Tornando per un attimo alle somiglianze ma anche alle disparità fra l’episodio evangelico e la vicenda di Giona, notiamo che al profeta titubante non importa nulla degli abitanti di Ninive. Jésus, al contrario col miracolo risponde alle accorate parole dei discepoli: «Non t’importa che moriamo?». Egli grida al mare e li salva. C’è un bellissimo commento, molto profondo, a questo episodio evangelico da parte di Sant’Atanasio: «Svegliarono la Parola, che era sulla barca con loro, e immediatamente il mare si placò» (Lettre 19.6). Con la Parola è stato creato il mondo: «Dio disse: «le acque che sono sotto il cielo, si raccolgano in un solo luogo e appaia l’asciutto» (Gén 1,9), e ora Gesù con la sua parola ricompone quell’equilibrio tra il mare e la terra. Egli ripete il miracolo narrato nel salmo: «Tu con potenza hai diviso il mare, hai schiacciato la testa dei draghi sulle acque» (Doit 74,13). «Svegliarono la Parola», quella che avevano udita per tutto il giorno e che adesso, nell’ora buia, sembra assopita e tacere. Ma la parola di Gesù è una potenza in atto, lo abbiamo udito nel Vangelo di domenica scorsa: «Dorma o vegli, di notte o di giorno, il seme germoglia e cresce». A Dio importa di noi.

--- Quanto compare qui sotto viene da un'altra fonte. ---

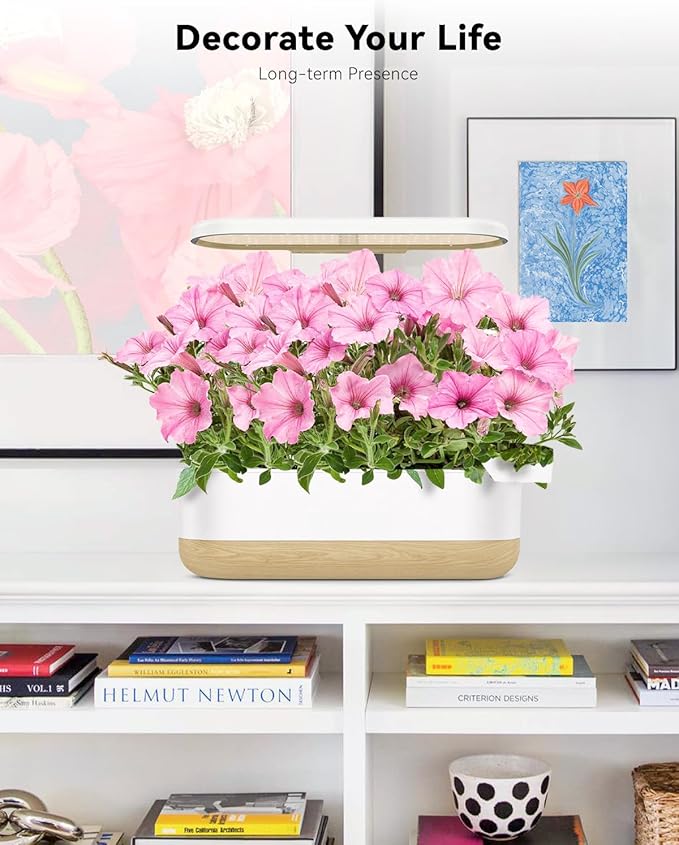 LYKOCLEAN Flower Seed Pod Compatible with AeroGarden Hydroponics Growing System, 8 Pods Indoor Garden Starter Kit with Lavender, Sunflower, Petunia and Marigold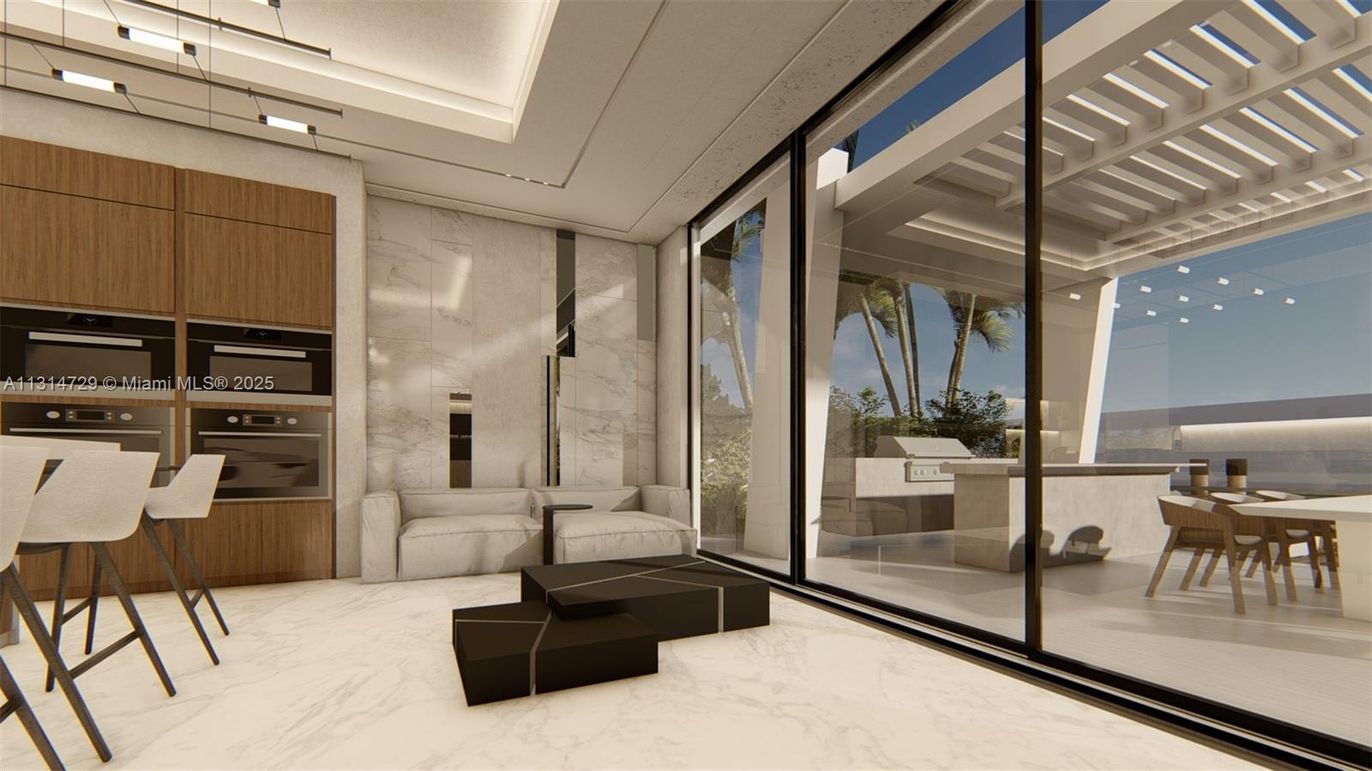 Dining room, Interior, Kitchen, Marble, Stainless Steel Appliances
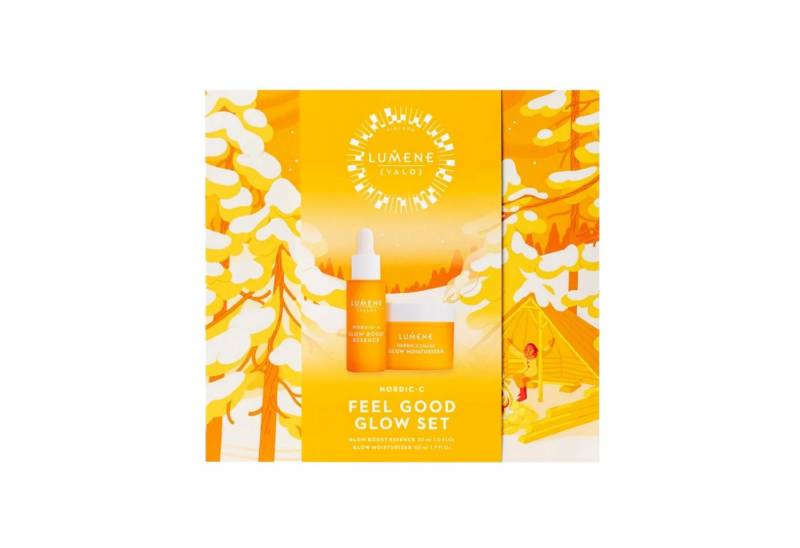 Lumene Gesichtspflege-Set Nordic-C [Valo] Feel Good Glow Set 2025, 2-tlg. von Lumene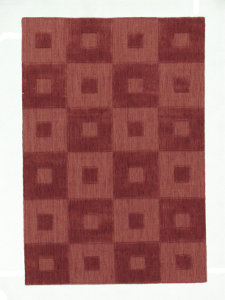 Loom Collection Dark Red,With Out Border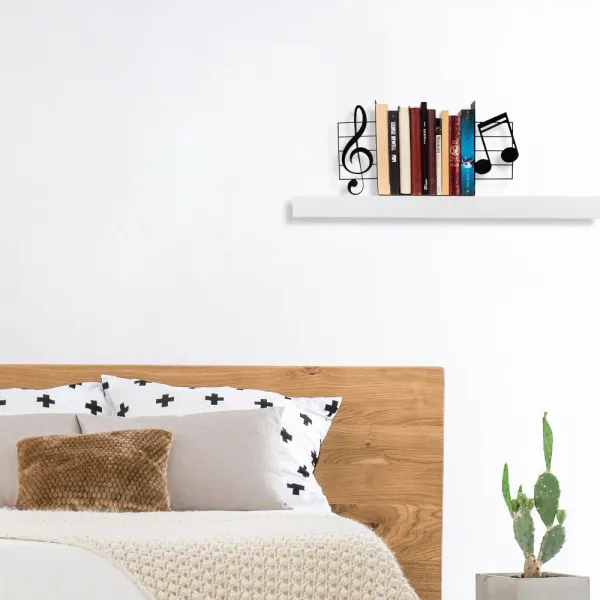 Metal Bookend Kitap tutucu 18 - Black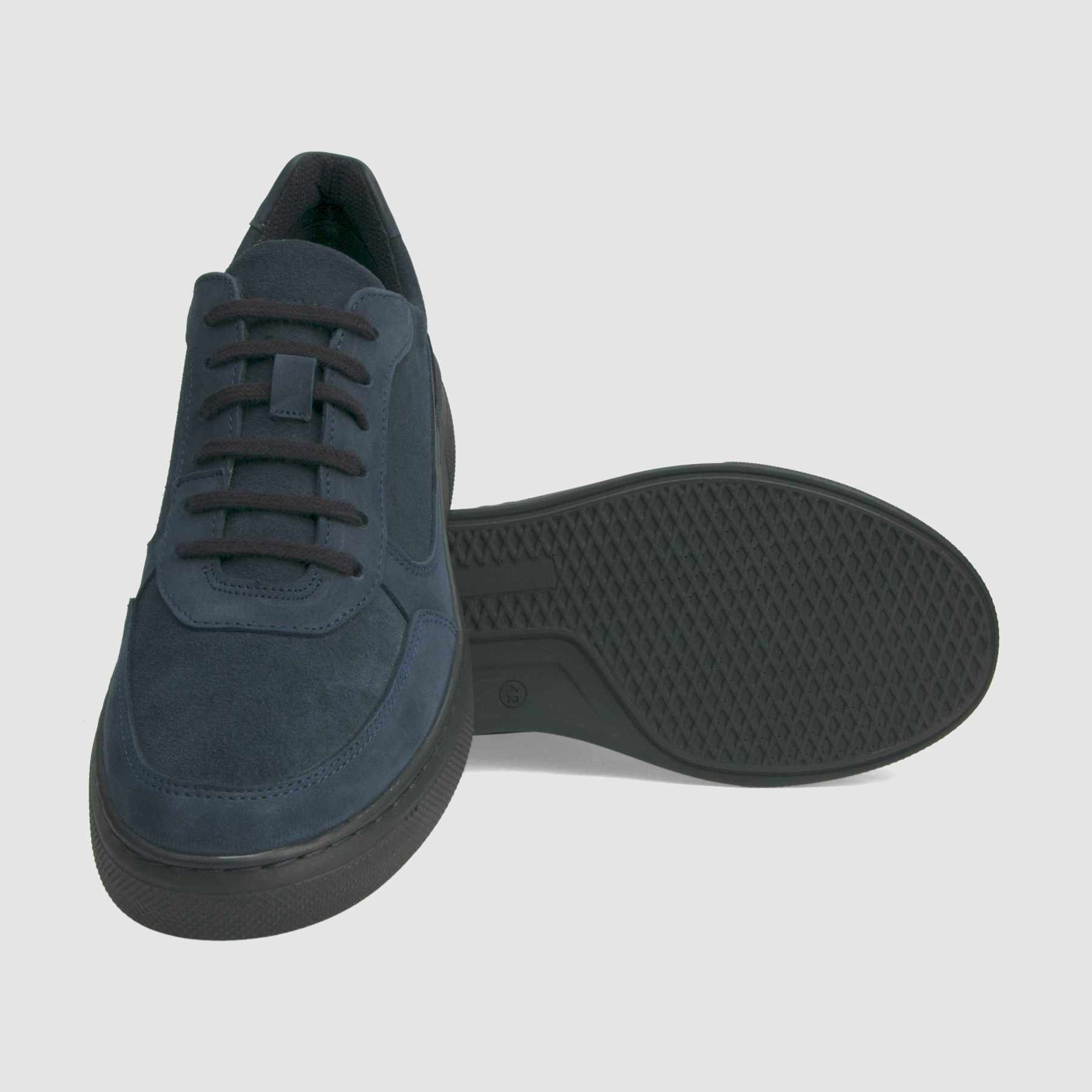TAPI sneakers A-7372 navy blue nubuck leather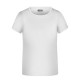 T-Shirt JAMES & NICHOLSON JN744 Bambino Basic-T Girl 150 100%OCS Manica corta,Setin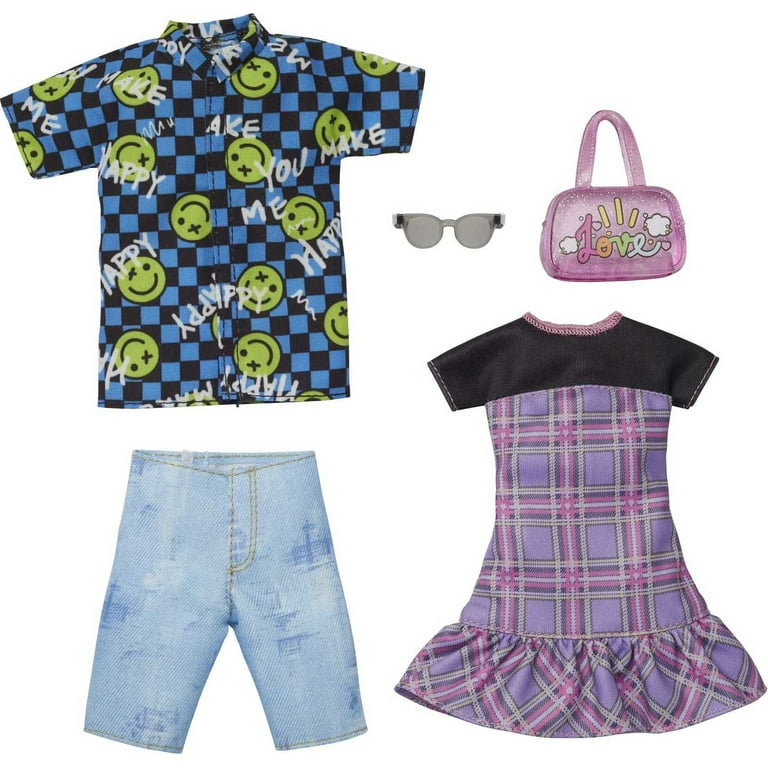 https://i5.walmartimages.com/seo/Barbie-Ken-Pack-with-Doll-Clothes-Accessories-for-Each-Plaid-Dress-Smiley-Shirt-2-Outfits_8101bbb8-624a-4e6d-abea-c5bcd7b76d47.6ad7c70929f2c99172a6cd275b869041.jpeg?odnHeight=768&odnWidth=768&odnBg=FFFFFF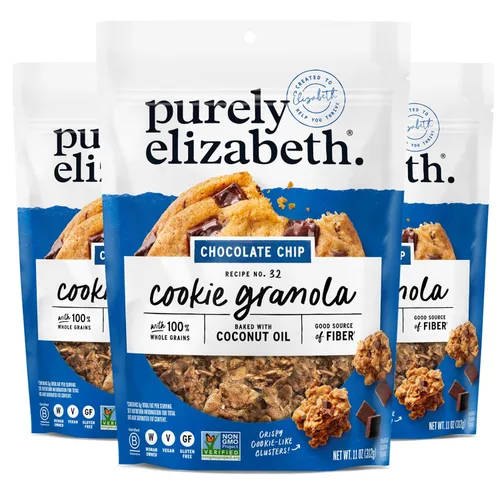 Miniatura 12 de Purely Elizabeth granola de galleta con chispas de chocolate 11 OZ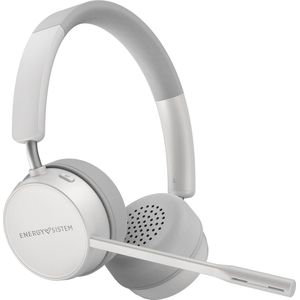 Energy Sistem Draadloze Headset Office 6 Wit (Bluetooth 5.0, HQ Voice Calls, Quick Charge) (15 h, Draadloze), Koptelefoon, Wit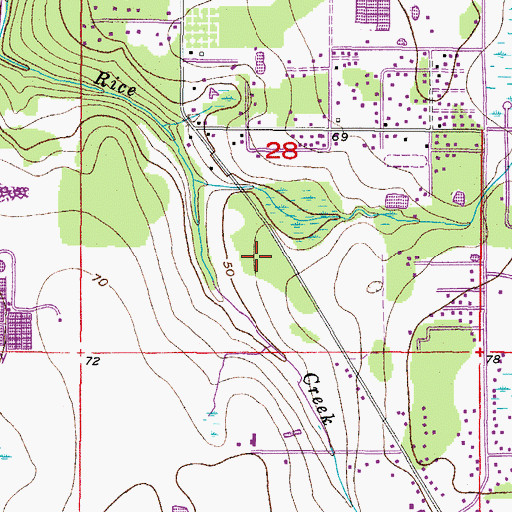 Topographic Map of Moss Landing, FL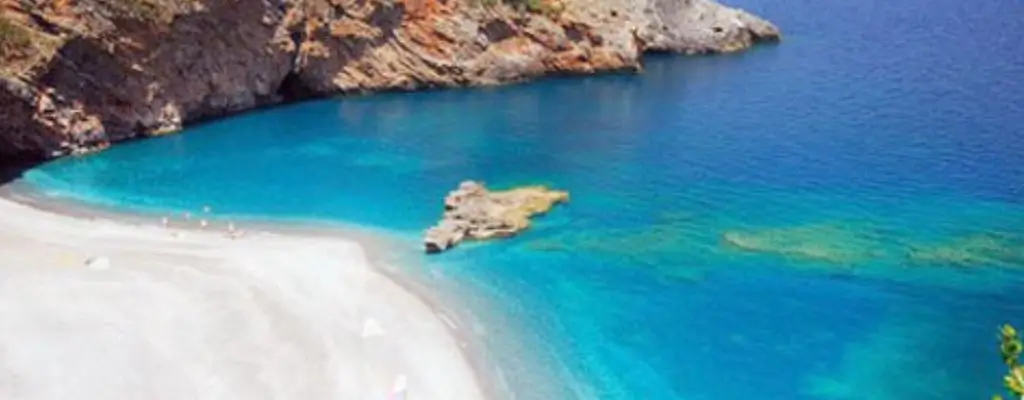 Een iconisch uitzicht op Mantoudi (Evia)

La scena si chiude con l’invito di Gesù alla fede: «Perché avete paura? Avez-vous pas de foi?». Pour ceux qui croient, Il n'y a rien à craindre, parce que tout fonctionne pour le bien, si tu aimes Dieu; même les tempêtes de la vie (Rm 8,28). Seulement, la paura spesso ha il sopravvento e quando questo accade ci scopriamo tutti persone sfiduciate. Ma sul pericolo scampato prevale lo stupore e i discepoli si domandano chi è Gesù. Le parole che finora egli ha detto nel vangelo di Marco, i miracoli che ha compiuto guarendo e liberando gli indemoniati, non sono nulla di fronte a un così grande miracolo che coinvolge la natura, la creazione stessa. Bisognerà attendere, Mais, la fine del Vangelo per sapere chi è Gesù. Ma sappiamo anche ormai che Egli è il Cristo risorto e glorioso che parla a noi attraverso il Vangelo. Perché allora temere? Scriveva Sant’Agostino:

«Se in noi c’è fede, in noi c’è Cristo [...] La presenza di Cristo nel tuo cuore è legata alla fede che tu hai in lui. Questo è il significato del fatto che egli dormiva nella barca: essendo i discepoli in pericolo, ormai sul punto di naufragare, gli si avvicinarono e lo svegliarono. Cristo si levò, comandò ai venti e ai flutti, e si fece gran bonaccia. E’ quello che avviene dentro di te: mentre navighi, mentre attraversi il mare tempestoso e pericoloso di questa vita, i venti penetrano dentro di te; soffiano i venti, si levano i flutti e agitano la barca. Quali venti? Hai ricevuto un insulto e ti sei adirato; l’insulto è il vento, l’ira è il flutto; sei in pericolo perché stai per reagire, stai per rendere ingiuria per ingiuria e la barca sta per naufragare. Sveglia Cristo che dorme… Risvegliare Cristo che dorme nella barca è, alors, scuotere la fede…» (Sainte-Augustine, Commento al Vangelo di Giovanni, 49/19).

Si tratta allora di svegliare quella fede che consente di fare nostre le parole del salmista: «Il Signore è la mia luce e la mia salvezza, di chi avrò timore? Il Signore è difesa della mia vita, di chi avrò paura?» (Doit 27,1); di non soccombere alla paura: «Nell’ora della paura io in te confido» (Doit 56,4).

«Nel pericolo ho gridato al Signore: mi ha risposto, le monsieur, e mi ha tratto in salvo. Il Signore è per me, non ho timore: che cosa potrà farmi un uomo? Il Signore è per me, è il mio aiuto, e io guarderò dall’alto i miei nemici» (Doit 118, 5-7); di non temere alcun male: «Anche se vado per una valle oscura, non temo alcun male, perché tu sei con me» (Doit 23,4).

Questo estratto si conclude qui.